Fresh Off The Frontline: Part I
Posted on 12/15/2016
The ever-changing landscape of World War II provided a difficult task of funding a nation’s war effort. World War I had shown what the lack of having control of a currency could do to a country. Hyper inflation or hoarding of money caused many nations' economies to collapse. The powers at war developed new currency to try to fight these problems and address new ones with an ever-changing frontline.
America was caught off guard by the attack on Pearl Harbor. America was worried about a Japanese invasion and knowing what Japan was capable of, they acted accordingly. The United States recalled all US standard notes on the islands and issued Emergency Issue Hawaii Notes. These notes looked very similar (design wise) to the current issued notes, but had surcharged “Hawaii” on the fronts and backs of the notes. These notes were Silver Certificates with Julian and Morgenthau signatures and brown seals instead of the normal blue. Not having the blue seal and surcharge made the notes very easy to distinguish from the standard issue. If Japan did invade Hawaii they could then deem all the surcharged Hawaii notes null. Japan would then be unable to use these captured dollars for their war fund.
As America advanced into North Africa for Operation Torch, it needed to be able to pay its troops. America designed a special currency to have cash on hand for its soldiers but also have the option to declare that money worthless in case of a mass capture. If a mass capture did occur, the Axis could use the captured money to help fuel their cause. The notes they developed to try and prevent this used Silver Certificates but with a lemon yellow seal instead of the normal blue one. These new yellow seal notes were given to American soldiers advancing into Africa and then later in Europe as the Allies advanced towards Germany.

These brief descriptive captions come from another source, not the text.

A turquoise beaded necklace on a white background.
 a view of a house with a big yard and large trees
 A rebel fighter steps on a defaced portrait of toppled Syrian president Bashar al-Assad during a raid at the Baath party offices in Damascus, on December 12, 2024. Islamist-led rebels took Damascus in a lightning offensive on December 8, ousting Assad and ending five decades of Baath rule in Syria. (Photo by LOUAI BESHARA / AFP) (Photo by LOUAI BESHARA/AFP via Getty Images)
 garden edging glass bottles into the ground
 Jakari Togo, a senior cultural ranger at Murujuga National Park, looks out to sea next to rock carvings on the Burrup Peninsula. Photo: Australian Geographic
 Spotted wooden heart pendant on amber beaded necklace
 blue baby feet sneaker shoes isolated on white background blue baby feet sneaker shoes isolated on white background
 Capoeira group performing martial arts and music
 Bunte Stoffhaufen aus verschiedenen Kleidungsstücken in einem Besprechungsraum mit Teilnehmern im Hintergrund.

The Island of Malta, between Europe and Africa, made for a strategic base of operation for both sides. The island, being over one hundred miles offshore, had most of its rations delivered by plane or boat. During World War II, supplies were scarce and hard to deliver so far offshore. The island's economy started to falter and supplies became more limited due to the pressure of Germany trying to take this keystone island. To answer this crisis, Malta began taking what notes it had on hand and surcharging them. This made for a very unique and crude note, showing just how much of an emergency it was to issue these notes.
Currency like this reminds us of our past, the challenges nations faced and the ingenuity they used in such trying times. An extensive amount of variety exists among emergency issued money, allowing for a substantial and unique collection to be sought after among collectors.
- Grove, Eric. (2011, February 17). The Siege of Malta in World War Two. Retrieved December 5, 2016, from http://www.bbc.co.uk/history/worldwars/wwtwo/siege_malta_01.shtml
- Schwan, Fred & Boling, Joseph E. (1995). World War II Remembered: History in Your Hands, a Numismatic Study First Edition. BNR Press.